**What is required:**
Where a line in the listing below contains the word "Large", copy that line.

====

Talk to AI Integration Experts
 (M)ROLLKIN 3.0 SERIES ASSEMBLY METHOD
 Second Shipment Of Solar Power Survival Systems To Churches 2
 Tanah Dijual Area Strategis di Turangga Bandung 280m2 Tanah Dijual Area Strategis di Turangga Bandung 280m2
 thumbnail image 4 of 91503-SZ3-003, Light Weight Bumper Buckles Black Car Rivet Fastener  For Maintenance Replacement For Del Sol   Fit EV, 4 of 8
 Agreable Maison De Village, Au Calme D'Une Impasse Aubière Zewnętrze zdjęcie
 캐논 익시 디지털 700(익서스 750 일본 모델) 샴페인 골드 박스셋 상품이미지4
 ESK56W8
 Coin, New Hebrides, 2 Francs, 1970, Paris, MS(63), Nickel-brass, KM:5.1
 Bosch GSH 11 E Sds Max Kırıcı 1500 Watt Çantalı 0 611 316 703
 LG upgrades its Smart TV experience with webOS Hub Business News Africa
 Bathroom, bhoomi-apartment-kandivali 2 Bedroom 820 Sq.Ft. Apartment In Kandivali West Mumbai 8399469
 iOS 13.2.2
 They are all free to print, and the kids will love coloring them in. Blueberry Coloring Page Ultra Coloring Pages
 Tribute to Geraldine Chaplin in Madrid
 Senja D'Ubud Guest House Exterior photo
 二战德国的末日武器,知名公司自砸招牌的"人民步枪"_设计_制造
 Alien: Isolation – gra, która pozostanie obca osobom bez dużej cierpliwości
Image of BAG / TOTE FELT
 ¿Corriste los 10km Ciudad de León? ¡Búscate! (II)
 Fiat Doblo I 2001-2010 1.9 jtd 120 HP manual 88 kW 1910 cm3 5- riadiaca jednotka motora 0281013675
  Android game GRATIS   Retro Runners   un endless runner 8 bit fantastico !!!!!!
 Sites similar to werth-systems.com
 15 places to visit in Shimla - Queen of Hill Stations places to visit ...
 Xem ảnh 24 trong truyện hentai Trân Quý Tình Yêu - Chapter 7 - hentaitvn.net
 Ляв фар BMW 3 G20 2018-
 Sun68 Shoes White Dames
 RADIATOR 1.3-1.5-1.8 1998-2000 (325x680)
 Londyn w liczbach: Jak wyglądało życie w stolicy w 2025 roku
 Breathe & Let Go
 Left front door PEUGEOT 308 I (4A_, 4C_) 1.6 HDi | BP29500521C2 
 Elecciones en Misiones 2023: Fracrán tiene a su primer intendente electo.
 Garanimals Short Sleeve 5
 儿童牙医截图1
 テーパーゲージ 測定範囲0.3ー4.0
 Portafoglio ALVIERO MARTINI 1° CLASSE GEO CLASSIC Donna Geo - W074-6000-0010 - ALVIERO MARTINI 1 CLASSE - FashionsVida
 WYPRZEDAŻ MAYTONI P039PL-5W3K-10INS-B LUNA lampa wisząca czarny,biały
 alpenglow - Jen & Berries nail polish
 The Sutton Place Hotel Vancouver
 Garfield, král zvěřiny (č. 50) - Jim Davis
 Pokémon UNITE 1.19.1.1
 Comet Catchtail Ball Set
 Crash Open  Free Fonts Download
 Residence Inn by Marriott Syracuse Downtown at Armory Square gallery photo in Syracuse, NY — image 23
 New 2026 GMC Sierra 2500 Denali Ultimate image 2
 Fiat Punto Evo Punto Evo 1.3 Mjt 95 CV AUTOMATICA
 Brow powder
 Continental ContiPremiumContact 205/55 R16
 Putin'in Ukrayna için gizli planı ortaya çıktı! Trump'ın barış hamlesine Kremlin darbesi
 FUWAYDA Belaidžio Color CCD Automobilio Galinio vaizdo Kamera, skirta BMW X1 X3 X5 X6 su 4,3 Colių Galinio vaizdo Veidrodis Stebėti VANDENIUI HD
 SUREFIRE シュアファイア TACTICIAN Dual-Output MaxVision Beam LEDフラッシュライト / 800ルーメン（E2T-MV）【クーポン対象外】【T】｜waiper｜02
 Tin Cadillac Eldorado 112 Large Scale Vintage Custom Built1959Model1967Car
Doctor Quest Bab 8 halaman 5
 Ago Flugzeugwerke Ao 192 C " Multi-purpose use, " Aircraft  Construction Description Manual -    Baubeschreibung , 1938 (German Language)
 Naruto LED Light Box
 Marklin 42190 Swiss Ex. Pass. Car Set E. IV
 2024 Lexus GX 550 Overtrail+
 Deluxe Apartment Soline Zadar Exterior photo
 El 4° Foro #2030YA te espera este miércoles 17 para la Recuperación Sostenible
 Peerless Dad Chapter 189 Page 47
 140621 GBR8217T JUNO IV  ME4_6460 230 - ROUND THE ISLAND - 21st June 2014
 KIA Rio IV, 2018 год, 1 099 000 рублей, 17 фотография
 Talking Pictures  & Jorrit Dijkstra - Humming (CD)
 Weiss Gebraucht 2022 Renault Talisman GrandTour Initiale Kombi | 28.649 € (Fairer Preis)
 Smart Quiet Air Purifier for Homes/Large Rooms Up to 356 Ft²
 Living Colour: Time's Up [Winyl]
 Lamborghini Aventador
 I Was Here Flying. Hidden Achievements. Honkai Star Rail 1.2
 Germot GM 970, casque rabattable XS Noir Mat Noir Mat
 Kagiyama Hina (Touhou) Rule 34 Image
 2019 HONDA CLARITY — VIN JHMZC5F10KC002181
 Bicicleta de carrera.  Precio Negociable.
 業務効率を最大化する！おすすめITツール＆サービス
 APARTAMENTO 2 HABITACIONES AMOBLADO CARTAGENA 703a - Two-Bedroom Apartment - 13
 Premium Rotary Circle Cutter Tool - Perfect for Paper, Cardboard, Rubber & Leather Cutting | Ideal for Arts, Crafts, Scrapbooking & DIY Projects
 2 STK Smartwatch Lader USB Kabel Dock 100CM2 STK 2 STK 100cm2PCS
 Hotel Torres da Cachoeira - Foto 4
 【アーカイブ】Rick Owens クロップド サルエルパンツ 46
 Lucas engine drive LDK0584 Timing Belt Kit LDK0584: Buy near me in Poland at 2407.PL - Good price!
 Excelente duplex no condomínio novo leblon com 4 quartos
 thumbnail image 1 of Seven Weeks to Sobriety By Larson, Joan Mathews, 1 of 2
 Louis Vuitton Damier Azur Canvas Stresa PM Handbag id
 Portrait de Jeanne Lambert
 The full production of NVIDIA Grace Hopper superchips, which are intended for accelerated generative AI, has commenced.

====

**Response below:**
 Tin Cadillac Eldorado 112 Large Scale Vintage Custom Built1959Model1967Car
 Smart Quiet Air Purifier for Homes/Large Rooms Up to 356 Ft²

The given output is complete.